‘Safe Haven’ Review
As a longtime science fiction fan, there was a part of me enthralled by 'Safe Haven.' This newest adaptation of a Nicholas Sparks novel may as well be set on another planet – a world where everyone is perfect, (except the one guy who is bad), the weather is wonderful (even when it rains) and you can support yourself off of tips from the lunch shift.
Shot in a postcard-ready coastal town, but in the blandest possible way, this overwrought weepie about finding your "true home" is far too silly to get worked up about, and has all the daffy joy of mass dosing on multiple episodes of 'All My Children.' While too much exposure to this material could cause developmental damage to young girls (much as violent video games to young boys) biting the bullet and taking a date to such a film once in a while is, I suppose, the price of being in a relationship these days. 'Safe Haven' won't hurt too much if you keep your wits about you.
We open with the quite fetching Julianne Hough eluding the cops and getting on a bus heading to Atlanta from Boston.

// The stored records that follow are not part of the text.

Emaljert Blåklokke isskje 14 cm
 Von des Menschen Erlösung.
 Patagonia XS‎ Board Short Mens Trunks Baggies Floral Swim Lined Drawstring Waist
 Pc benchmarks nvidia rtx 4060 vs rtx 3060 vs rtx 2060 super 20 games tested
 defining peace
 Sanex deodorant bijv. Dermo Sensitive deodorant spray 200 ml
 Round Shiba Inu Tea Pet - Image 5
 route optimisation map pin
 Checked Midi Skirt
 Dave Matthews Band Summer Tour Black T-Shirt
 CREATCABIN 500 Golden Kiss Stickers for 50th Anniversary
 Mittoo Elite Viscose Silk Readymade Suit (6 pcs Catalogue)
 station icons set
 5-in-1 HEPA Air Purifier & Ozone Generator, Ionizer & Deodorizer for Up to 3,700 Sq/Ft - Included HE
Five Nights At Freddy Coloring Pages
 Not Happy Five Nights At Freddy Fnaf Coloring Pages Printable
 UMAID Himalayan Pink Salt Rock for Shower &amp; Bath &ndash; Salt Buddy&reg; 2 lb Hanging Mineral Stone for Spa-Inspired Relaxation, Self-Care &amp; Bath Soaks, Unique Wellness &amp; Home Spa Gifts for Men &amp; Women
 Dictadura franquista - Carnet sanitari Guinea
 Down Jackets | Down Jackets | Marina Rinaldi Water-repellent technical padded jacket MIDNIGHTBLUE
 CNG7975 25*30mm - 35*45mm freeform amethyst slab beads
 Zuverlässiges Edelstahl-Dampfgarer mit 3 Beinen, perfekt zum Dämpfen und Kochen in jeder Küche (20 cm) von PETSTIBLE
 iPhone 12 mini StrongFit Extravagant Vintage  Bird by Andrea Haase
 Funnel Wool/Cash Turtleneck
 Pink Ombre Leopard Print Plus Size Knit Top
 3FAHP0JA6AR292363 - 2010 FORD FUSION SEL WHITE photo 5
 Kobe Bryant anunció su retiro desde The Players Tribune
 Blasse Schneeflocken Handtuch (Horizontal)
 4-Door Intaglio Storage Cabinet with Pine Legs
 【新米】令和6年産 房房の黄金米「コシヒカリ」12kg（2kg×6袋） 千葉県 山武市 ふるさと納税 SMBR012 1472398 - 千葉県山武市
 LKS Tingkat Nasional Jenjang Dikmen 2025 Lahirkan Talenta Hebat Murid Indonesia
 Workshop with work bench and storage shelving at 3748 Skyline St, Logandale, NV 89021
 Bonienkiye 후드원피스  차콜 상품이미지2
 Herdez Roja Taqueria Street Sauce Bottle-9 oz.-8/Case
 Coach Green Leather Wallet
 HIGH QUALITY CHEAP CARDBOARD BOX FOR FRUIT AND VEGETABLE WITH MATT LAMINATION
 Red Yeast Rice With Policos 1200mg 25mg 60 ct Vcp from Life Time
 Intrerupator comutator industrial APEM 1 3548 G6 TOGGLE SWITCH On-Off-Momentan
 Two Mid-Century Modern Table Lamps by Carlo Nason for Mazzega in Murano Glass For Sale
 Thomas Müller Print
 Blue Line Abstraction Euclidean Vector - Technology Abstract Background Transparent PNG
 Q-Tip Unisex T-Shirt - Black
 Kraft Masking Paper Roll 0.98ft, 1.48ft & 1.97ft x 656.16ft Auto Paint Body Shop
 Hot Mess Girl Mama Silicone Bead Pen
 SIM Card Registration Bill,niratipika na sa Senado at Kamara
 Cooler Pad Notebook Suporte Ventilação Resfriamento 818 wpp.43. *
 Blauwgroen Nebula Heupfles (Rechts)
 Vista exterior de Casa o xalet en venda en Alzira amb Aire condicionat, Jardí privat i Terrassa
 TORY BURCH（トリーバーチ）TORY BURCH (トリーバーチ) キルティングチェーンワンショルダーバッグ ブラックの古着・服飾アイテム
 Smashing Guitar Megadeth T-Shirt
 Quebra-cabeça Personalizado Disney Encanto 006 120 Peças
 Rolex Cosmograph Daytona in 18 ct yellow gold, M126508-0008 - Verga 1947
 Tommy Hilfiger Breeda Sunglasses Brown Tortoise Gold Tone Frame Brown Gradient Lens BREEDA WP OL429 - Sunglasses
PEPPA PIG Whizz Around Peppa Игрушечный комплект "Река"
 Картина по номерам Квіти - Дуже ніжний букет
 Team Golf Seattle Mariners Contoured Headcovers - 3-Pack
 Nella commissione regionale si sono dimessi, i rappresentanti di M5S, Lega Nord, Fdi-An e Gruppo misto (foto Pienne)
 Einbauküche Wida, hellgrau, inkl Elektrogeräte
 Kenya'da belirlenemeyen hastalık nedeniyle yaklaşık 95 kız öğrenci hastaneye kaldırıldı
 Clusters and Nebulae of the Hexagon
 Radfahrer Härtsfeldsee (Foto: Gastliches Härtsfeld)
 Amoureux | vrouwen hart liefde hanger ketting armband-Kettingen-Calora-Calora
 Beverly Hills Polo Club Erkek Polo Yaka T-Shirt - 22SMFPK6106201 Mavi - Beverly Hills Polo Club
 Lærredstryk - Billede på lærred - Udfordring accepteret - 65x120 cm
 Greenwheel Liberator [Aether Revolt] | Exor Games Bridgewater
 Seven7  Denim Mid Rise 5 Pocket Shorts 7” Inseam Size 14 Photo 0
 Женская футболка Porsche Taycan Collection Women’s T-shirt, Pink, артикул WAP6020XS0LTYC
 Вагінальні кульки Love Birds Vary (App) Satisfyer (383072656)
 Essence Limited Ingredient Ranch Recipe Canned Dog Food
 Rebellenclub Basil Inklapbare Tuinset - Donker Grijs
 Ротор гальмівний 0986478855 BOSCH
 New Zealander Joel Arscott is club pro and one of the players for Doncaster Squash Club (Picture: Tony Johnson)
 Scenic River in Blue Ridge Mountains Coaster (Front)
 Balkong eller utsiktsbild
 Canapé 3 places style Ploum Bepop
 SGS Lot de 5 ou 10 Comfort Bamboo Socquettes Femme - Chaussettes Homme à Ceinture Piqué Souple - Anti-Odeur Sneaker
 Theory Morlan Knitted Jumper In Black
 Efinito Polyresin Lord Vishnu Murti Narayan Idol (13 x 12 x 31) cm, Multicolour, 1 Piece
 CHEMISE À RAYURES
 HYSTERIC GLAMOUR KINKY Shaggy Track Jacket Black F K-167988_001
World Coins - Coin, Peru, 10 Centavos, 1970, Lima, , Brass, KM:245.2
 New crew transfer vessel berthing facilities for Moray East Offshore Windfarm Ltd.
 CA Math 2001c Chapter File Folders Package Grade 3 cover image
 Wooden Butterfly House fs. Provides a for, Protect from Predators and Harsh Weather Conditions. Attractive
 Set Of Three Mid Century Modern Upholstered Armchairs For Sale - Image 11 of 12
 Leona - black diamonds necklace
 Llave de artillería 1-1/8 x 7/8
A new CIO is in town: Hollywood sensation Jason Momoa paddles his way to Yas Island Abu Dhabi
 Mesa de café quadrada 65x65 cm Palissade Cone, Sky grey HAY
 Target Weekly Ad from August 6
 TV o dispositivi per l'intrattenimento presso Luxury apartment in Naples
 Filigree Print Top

At a sleepy North Carolina stop that's all sea gulls and dinghies she slips off, quickly finds a waitressing job, a cabin in the woods and an unending supply of tank tops and tight T-shirts. Despite a desire for anonymity she starts making friends. First with a neighbor (Cobie Smulders) then with Josh Duhamel, the dreamiest dreamboat in dreamboat town.
Duhamel runs the little General Store – where one can buy rice, paint and take a free book on the way out. He is handsome, rugged, honest and kind. He's also a widower with two kids, a sad boy just old enough to remember his late mother and a moppety girl who speaks in sound bites. Duhamel is quick to profess intense and (by movie standards) chaste love to Hough, but only if she'd open her heart.
But how can she, when she has a dark secret (shown in flashes) and has Boston detective, played by David Lyons, tracking her down for the crime of . . . murder!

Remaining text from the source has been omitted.